Kerri especially likes the hippos submerged in murky water with only their heads above the surface. This placement decision was actually made due to space issues after it was discovered that full-sized hippos submerged in resin would have required more depth than the base could provide. Therefore, only the animals’ necks and heads are seen popping out of water.

Giraffes by Kerri Pajutee. Guineafowl by Beth Freeman-Kane. Cheetah by Karl Blindheim.

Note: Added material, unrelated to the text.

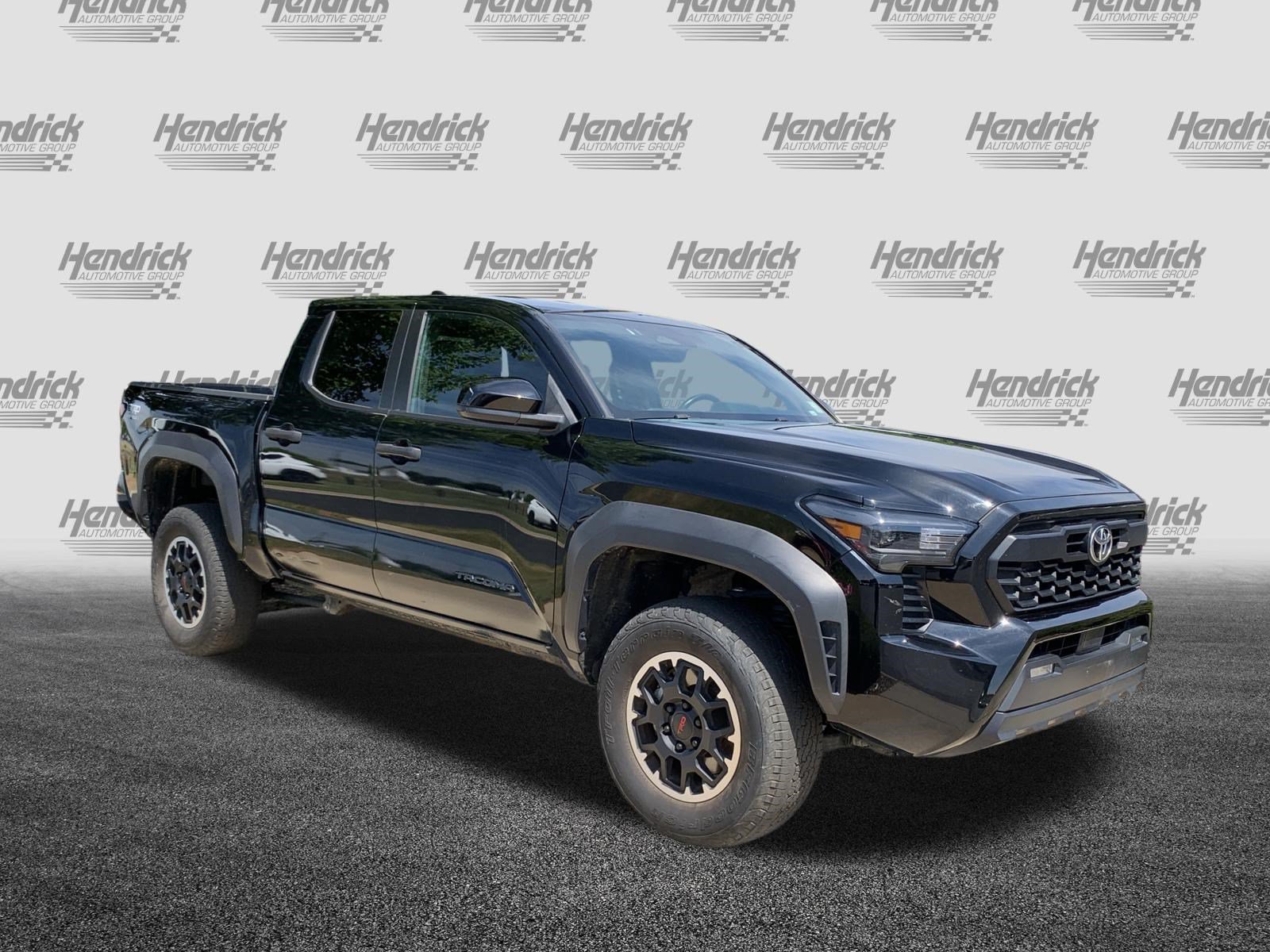 Used 2024 Toyota Tacoma TRD Off-Road AWD/4WD image 2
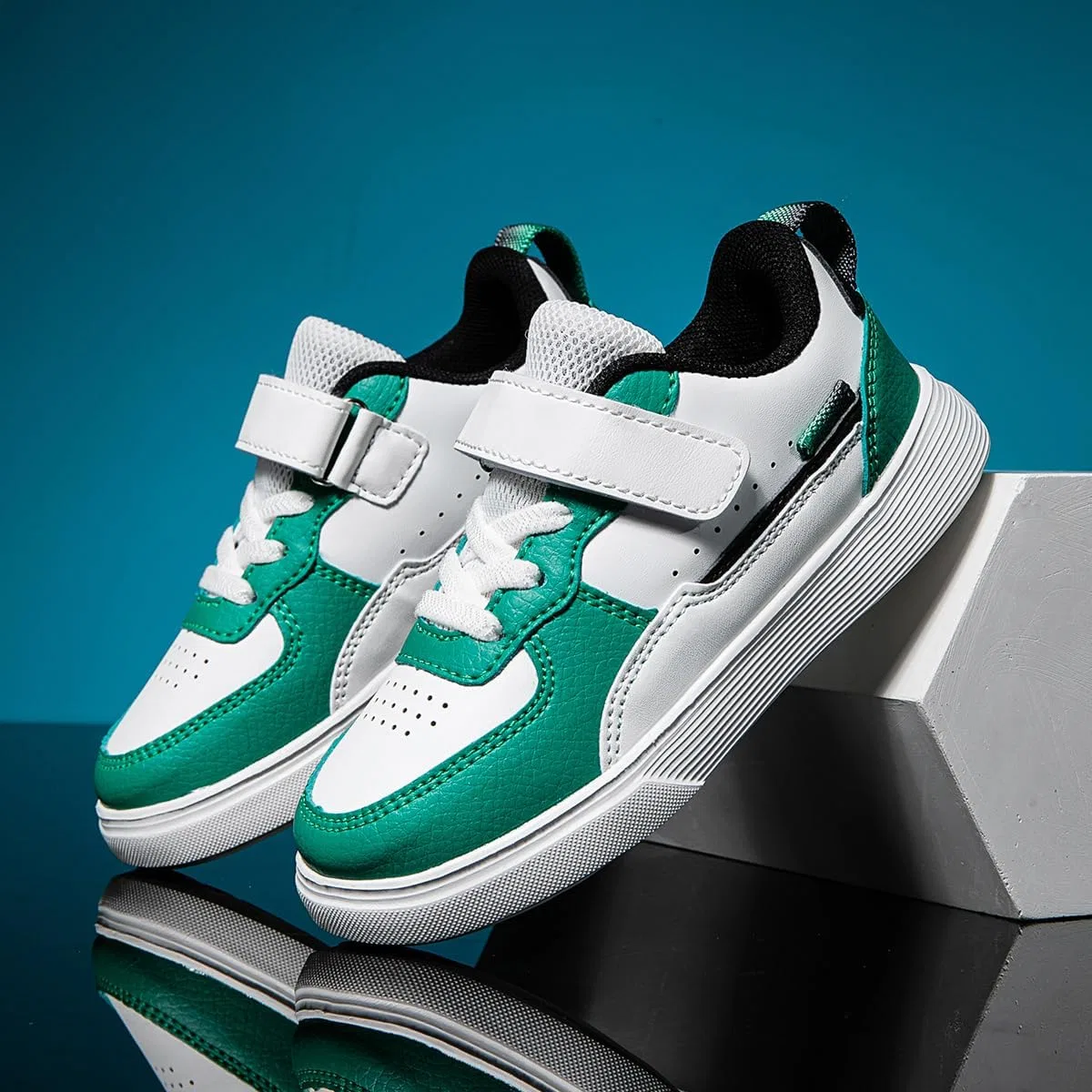Детские кроссовки на липучке с регулируемым ремешком Classic Low Top, Blue Green — фото 2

Kerri, who has been sculpting for more than 45 years, was inspired to try working in 1/12th scale after attending a miniature show in 1987. After becoming familiar with polymer clays, she then began adding fiber coats to the sculptures to make them look more realistic. “Back then, no one was sharing their techniques for making the furry miniature animals,” says Kerri, “so I came up with my own methods using alpaca and wool yarns, scissors, tweezers and craft glue.” All the practice and experimenting has paid off for the self-taught artisan whose work can be seen in museums and collections worldwide. In her words, “Sculpting has afforded me a means of expression and provided over four decades of never-ending trial and fascination. My art is motivated by a desire to capture and express that ‘spark’ of personality within each miniature replica, while reflecting a personal encounter or endearing memory that will delight the heart and bring a smile to the face of the observer."

The Tanzanian Wildlife Refuge can be seen in the latest exhibition, Scaled to Perfection: Encore! running until December 31st, 2021.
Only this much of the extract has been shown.